I also tried to google UCT and came up with
University of Cape Town
Underwater Camping Team
Ultra Clean Technology
etc.
But that's not what you meant, right? [grin]
So I guess I'll take a more close look at A* (since I thought that would only be used for pathfinding in RTS games)....
Sorry about not saying what I meant by UCT (I hate when people do that!). I meant "upper confidence bounds applied to trees". It's an algorithm that has been very successful in computer go, and it's so general that you can use it in single-player games, in games with randomness, etc.
UTC seems to be pretty cool :-) I could imagine that it is well suited for this problem....
Do you have some good resources on this? All I found on Monte Carlo UTC Go were some VERY SHORT explainations, that I didn't really understand (at least not far enough to be able to implement it).
Thanks's for your help so far!
Of course any other ideas are welcome, too!
Do you have some good resources on this? All I found on Monte Carlo UTC Go were some VERY SHORT explainations, that I didn't really understand (at least not far enough to be able to implement it).
Thanks's for your help so far!
Of course any other ideas are welcome, too!
Okay, I looked into UTC and MonteCarlo algorithms.

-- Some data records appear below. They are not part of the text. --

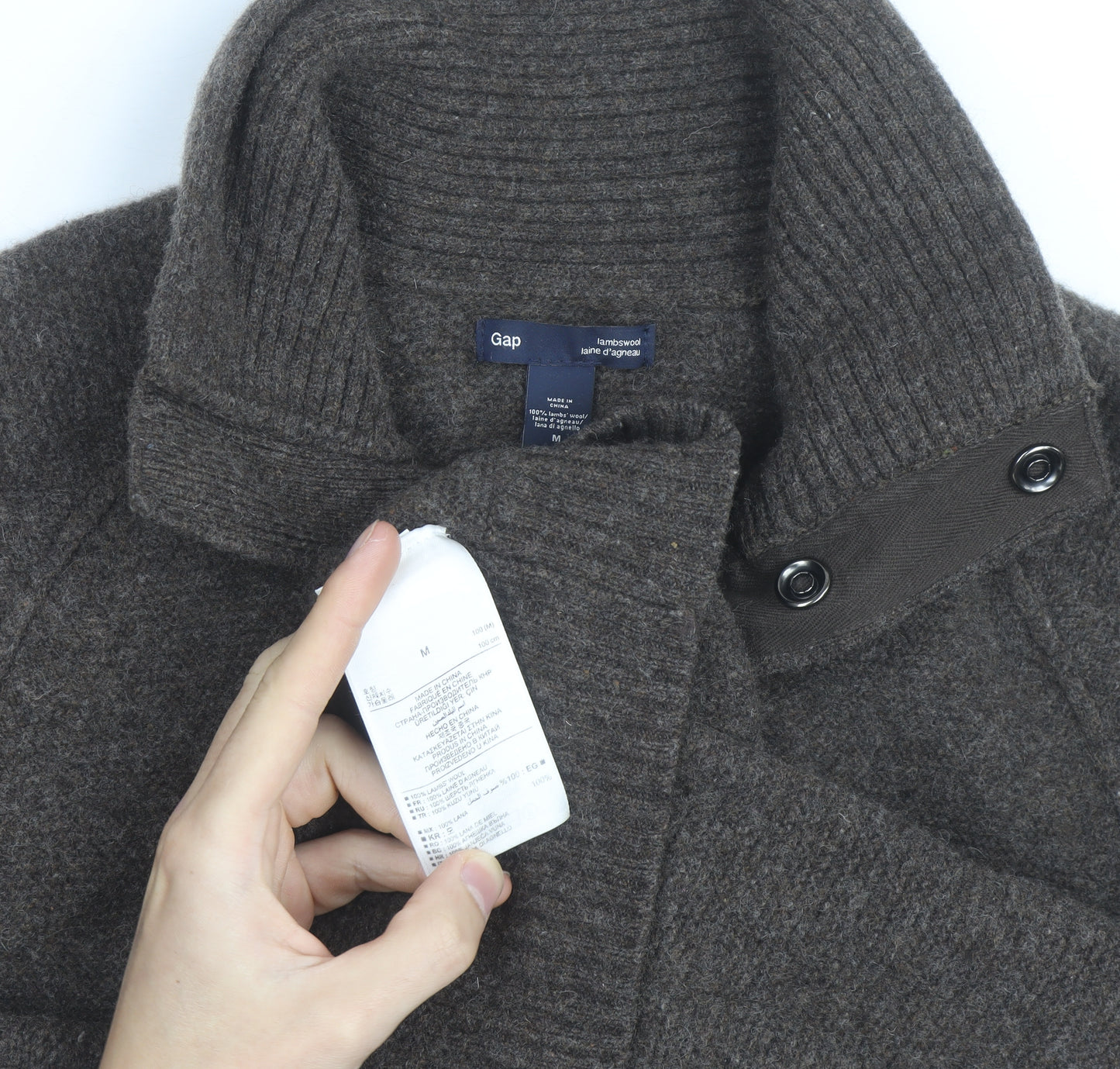 Gap Mens Brown Wool High Neck Pullover Jumper Size M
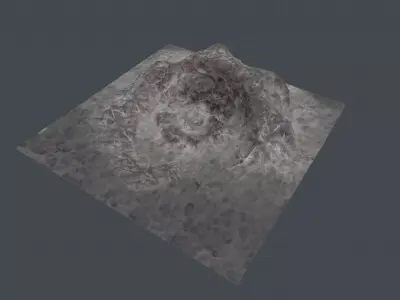 alien terrain Low-poly 3D model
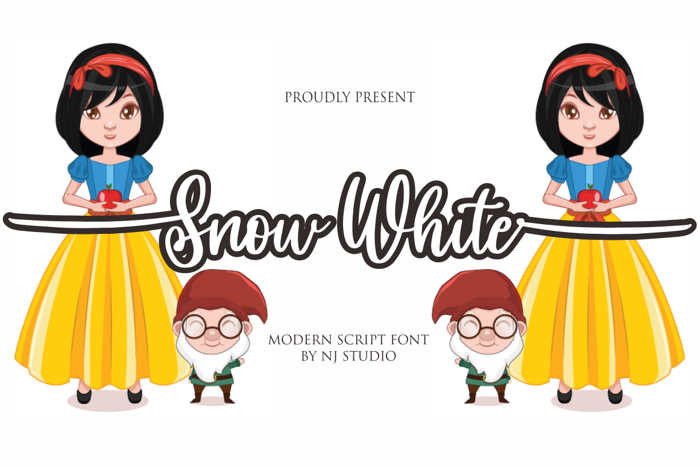 Snow White Font poster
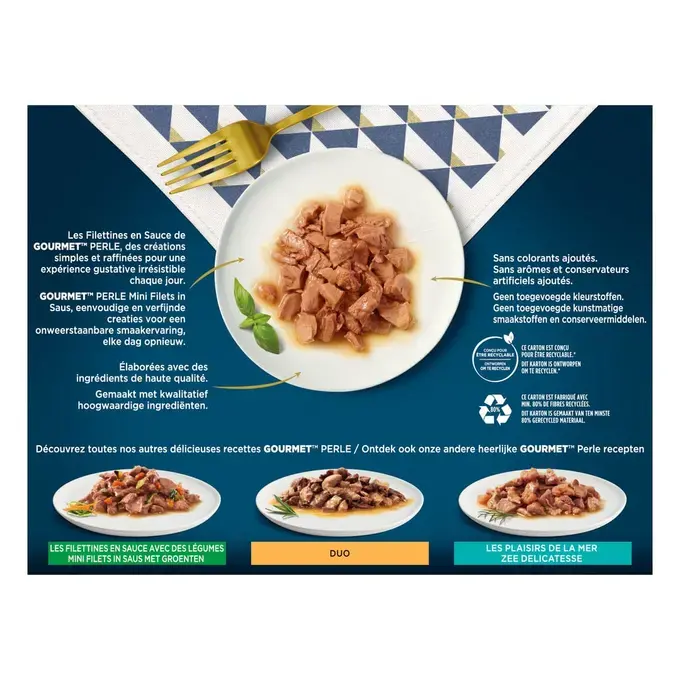 Ontdek ook de andere overheerlijke samaken en variëteiten GOURMET PERLE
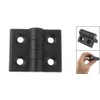 Black Plastic Reinforced Countersunk Hole Bearing Hinge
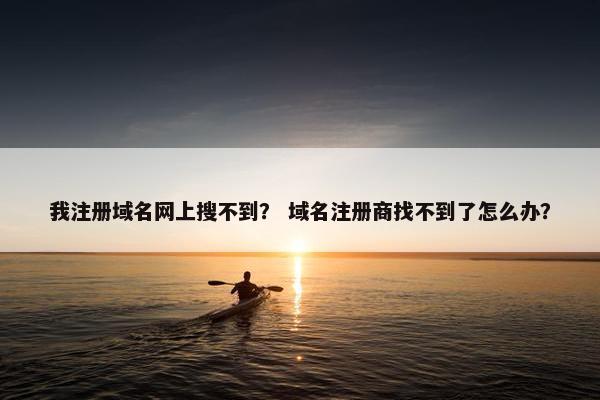 我注册域名网上搜不到？ 域名注册商找不到了怎么办？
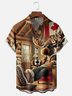 Moisture-wicking Canadian Elk Maple Leaf Chest Pocket Casual Shirt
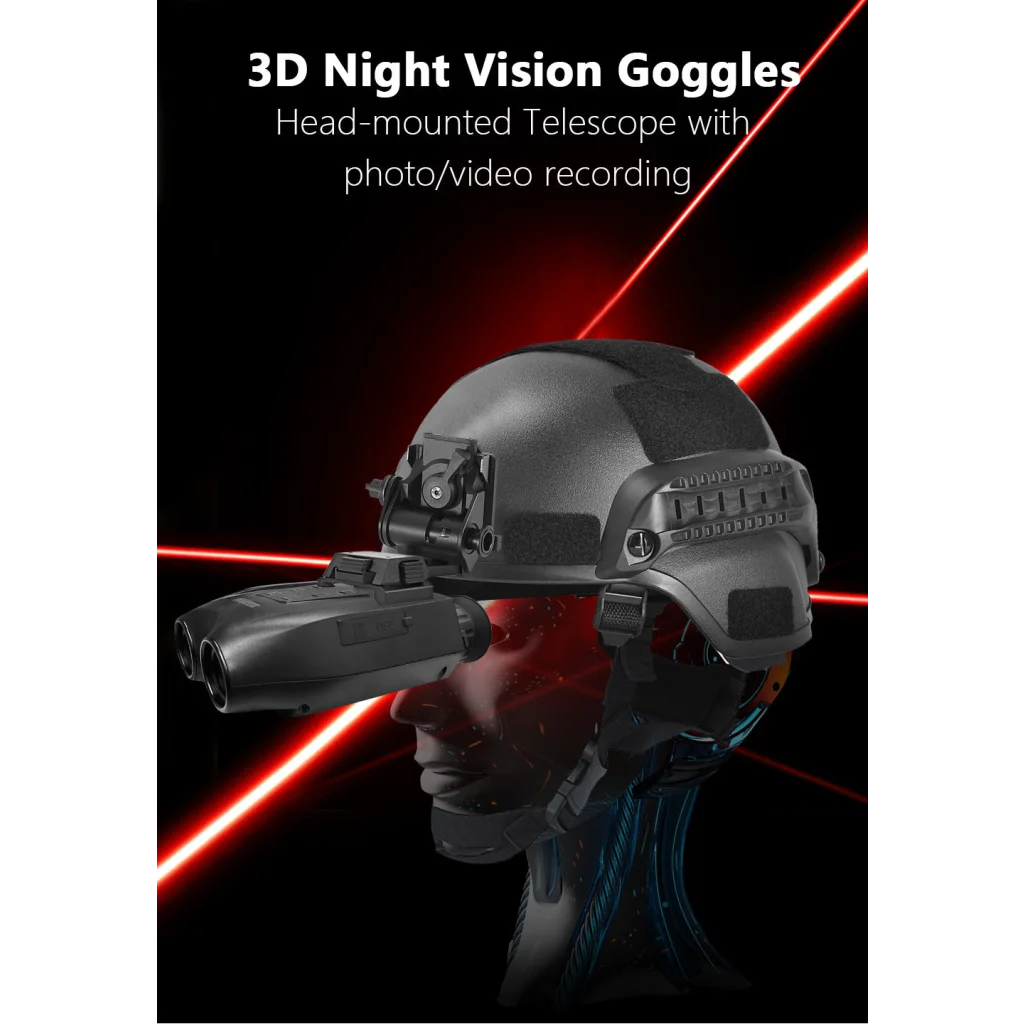 Red Professional HD Digital Night Vision Binoculars - 6X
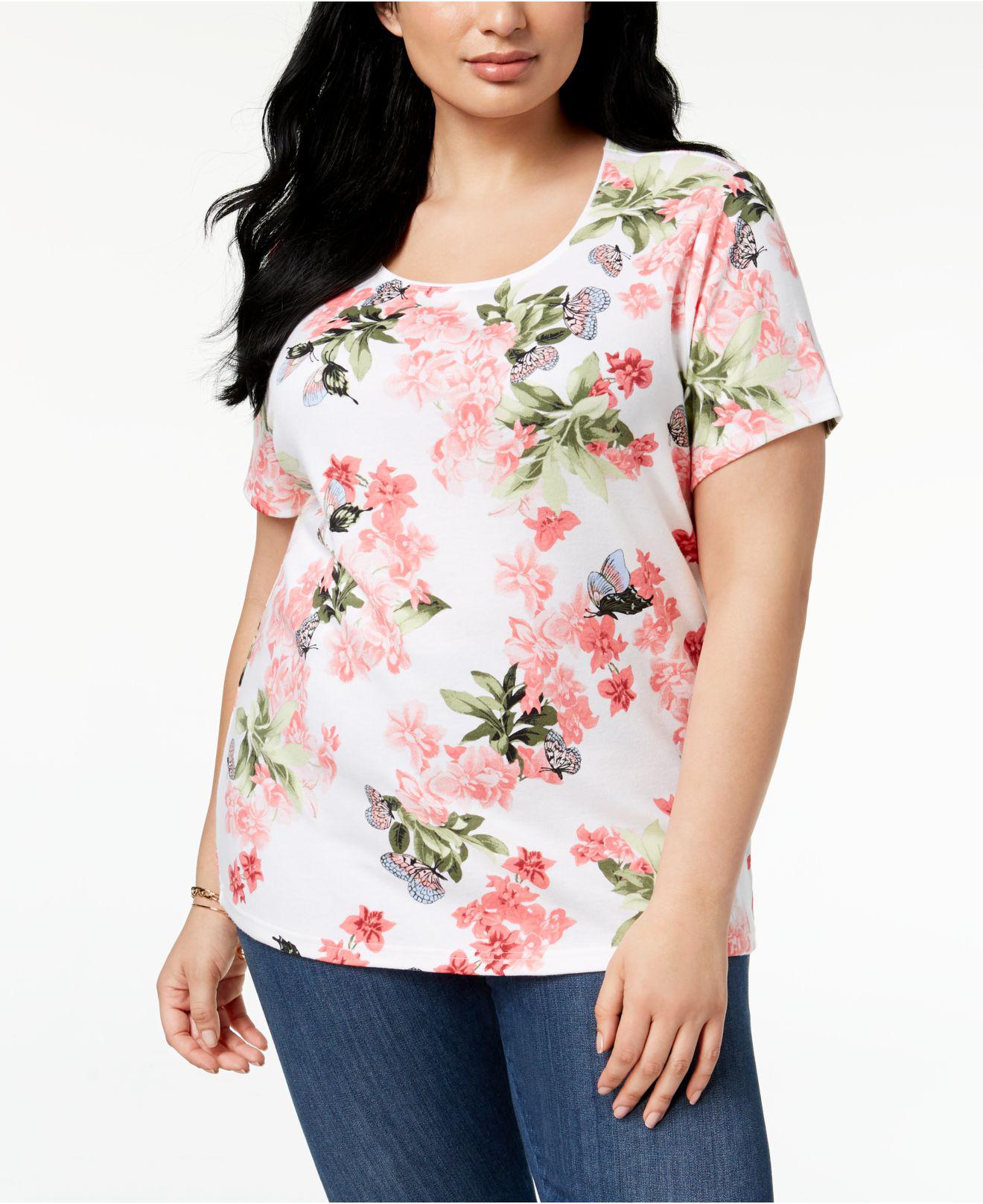 macy's womens plus size karen scott tops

Sadly I'm now pretty sure this won't work.
Here's why:
MonteCarlso algorithms rely on the information the "random solving" gives them, to see weather the initial move was good or bad.
But applying an random algorithm to this problem isn't a good idea because my simulations show: a random algo can't solve a single board out of 500. So there's no information to get from that....
On A*:
After thinking some time about it I can't see how it fits in here. I have no complete game graph to search in and my heuristic is not suitable either...
I Don't see a chance here :-(
So I'm back to zero!
More ideas please! :-D
Here's why:
MonteCarlso algorithms rely on the information the "random solving" gives them, to see weather the initial move was good or bad.
But applying an random algorithm to this problem isn't a good idea because my simulations show: a random algo can't solve a single board out of 500. So there's no information to get from that....
On A*:
After thinking some time about it I can't see how it fits in here. I have no complete game graph to search in and my heuristic is not suitable either...
I Don't see a chance here :-(
So I'm back to zero!
More ideas please! :-D
Quote: Original post by VanKurt
Okay, I looked into UTC and MonteCarlo algorithms. Sadly I'm now pretty sure this won't work.
Here's why:
MonteCarlso algorithms rely on the information the "random solving" gives them, to see weather the initial move was good or bad.
But applying an random algorithm to this problem isn't a good idea because my simulations show: a random algo can't solve a single board out of 500. So there's no information to get from that....
I did mention that caveat when I first suggested it. However, I believe random solving will solve all of those puzzles with probability 1; It might take a really long time, though. :)
Quote: On A*:
After thinking some time about it I can't see how it fits in here. I have no complete game graph to search in and my heuristic is not suitable either...
I Don't see a chance here :-(
You don't need to have the entire graph in memory to apply A*. You do have the complete game graph in the sense that you can query what the neighbors of any node are. Really, that's all you need.
About the suitability of the heuristic, any heuristic "works", but certain heuristics will be much better than others and certain heuristics won't guarantee that you find the shortest solution.